16. Similarly, In an earlier case of Satya Narain v. Dhuja Ram and Ors. : 3SCR20 , this Court held as follows : -
If there is any halt or arrest in progress of the case, the object of the Act will be completely frustrated. We are, therefore, clearly of opinion that the 1st part of Section 81(3) with which we are mainly concerned in this appeal is a peremptory provision and total non-compliance with the same will entail dismissal of the election petition under Section 86 of the Act.
17. This view has been consistently taken all through in all the decided cases of this Court so far. Reliance was, however, placed by the counsel for the respondents on the following observations of Dwivedi, J., in Satya Narain's case:
Our decision restores that primacy of procedure over justice. It make Section 86(1) a tyrannical master. The rigidity of the rule of precedent ties me to its chains. My only hope now is that Parliament would make a just choice between the social interest in the supply of copies by the election petitioner along with his election petition and the social interest in the purity of election by excluding Section 81(3) from the purview of Section 86(1) of the Act.

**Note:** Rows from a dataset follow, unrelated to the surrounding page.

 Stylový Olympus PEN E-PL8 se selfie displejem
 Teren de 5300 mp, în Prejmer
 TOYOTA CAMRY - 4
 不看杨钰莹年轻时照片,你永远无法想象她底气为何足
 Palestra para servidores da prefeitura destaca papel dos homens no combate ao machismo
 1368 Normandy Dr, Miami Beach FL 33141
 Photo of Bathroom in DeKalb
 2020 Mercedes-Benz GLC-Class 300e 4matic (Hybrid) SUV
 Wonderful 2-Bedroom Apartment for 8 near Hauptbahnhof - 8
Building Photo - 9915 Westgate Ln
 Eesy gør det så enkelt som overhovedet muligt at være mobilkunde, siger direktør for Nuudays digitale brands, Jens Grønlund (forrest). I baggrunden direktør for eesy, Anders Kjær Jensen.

18. The aforesaid observations express a pious wish but do not at all detract from what has been decided in this case and with which the learned Judge also agreed. Despite these observations, the Parliament in its wisdom has not made any attempt to interfere with the preemptive and mandatory provisions of Section 81(3) resulting in the consequence of dismissal of the petition under Section 86 of the Act.
19. For the reasons given above, we allow the appeals, set aside the judgment of the High Court and dismiss the election petitions in limine under Section 86 of the Act. In the circumstances, there will be no order as to costs.